As I got out my brand new 2011 calendar the other day and was going through the stacks of papers and emails in the “add to calendar” files, I found one about “The Film”. You know, that film, the one on human growth and development that they show to kids in upper elementary grades (well, there’s one for girls, and a different one for boys). Around here, there’s a film every year beginning in 4th grade and continuing thru 6th. The subjects get more “advanced” depending on the grade. And each time it’s shown, a letter is sent home to parents letting them know the date and also the date of the “parent preview” so parents can view it first. I guess some parents view it to see if they want their child to “opt out”, but I take time to go see it to stay on top of things, to try to discuss the subjects with my child first—I don’t want them to first learn about human sexuality from a film or from the students who will be buzzing about it that day. Since I already have a child in high school, you’d think I’ve “been there, done that” when it comes to those films and I wouldn’t need to go any more. But they change, and I forget what’s covered in each year’s anyway…so I go every year to see them, and then the pressure’s on to find time to discuss anything I haven’t already taught at home.

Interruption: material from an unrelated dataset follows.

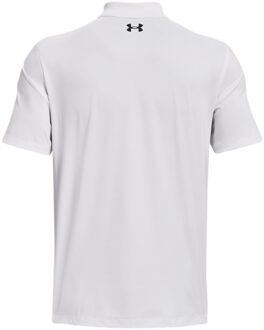 Under Armour Poloshirt - maat L Wit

But when is the right time to discuss stuff like that, anyway? I always told my husband that I didn’t want to make sex and health topics uncomfortable for my kids by making them a “big deal”, by limiting them to The Talk, the okay-now-we-have-to-sit-down-and-discuss-something-important kind of talk like what our parents did with us. Squirm! Yuk! Aw, Mom! I heard an “expert” at a M.O.P.S. (Mothers of Preschoolers) meeting long ago say to work in these topics naturally and gradually, starting at a young age as kids are curious and start asking questions. I remember she talked about “teachable moments” like gardening.
But…what if these moments never come? She never told us what to do if our kids don’t ask a lot of questions about sex. Or if they ask them in the grocery store line when they’re old enough to read the nearby covers of Glamour and Cosmo. “Daddy, what does that mean—Twenty Ways to Make Him Scream for More?” Or if they ask them within earshot of a much younger sibling, and what you’d like to say to one might not be what you’d say to the other. It turned out I did have to have “The Talk” with each of my daughters, after all. With Allison, I at least tried to make it fun. We went on a mother-daughter overnight when she was 10, to a small town about 45 minutes away. I called it “Secrets and Surprises” weekend—there were surprises to be had (she got to get a pedicure with me and get her ears pierced) and secrets to be learned (the birds, the bees, the tooth fairy, and Santa Claus). (A friend of mine joked that the male version of that weekend would be called “Farts and Fantasies” )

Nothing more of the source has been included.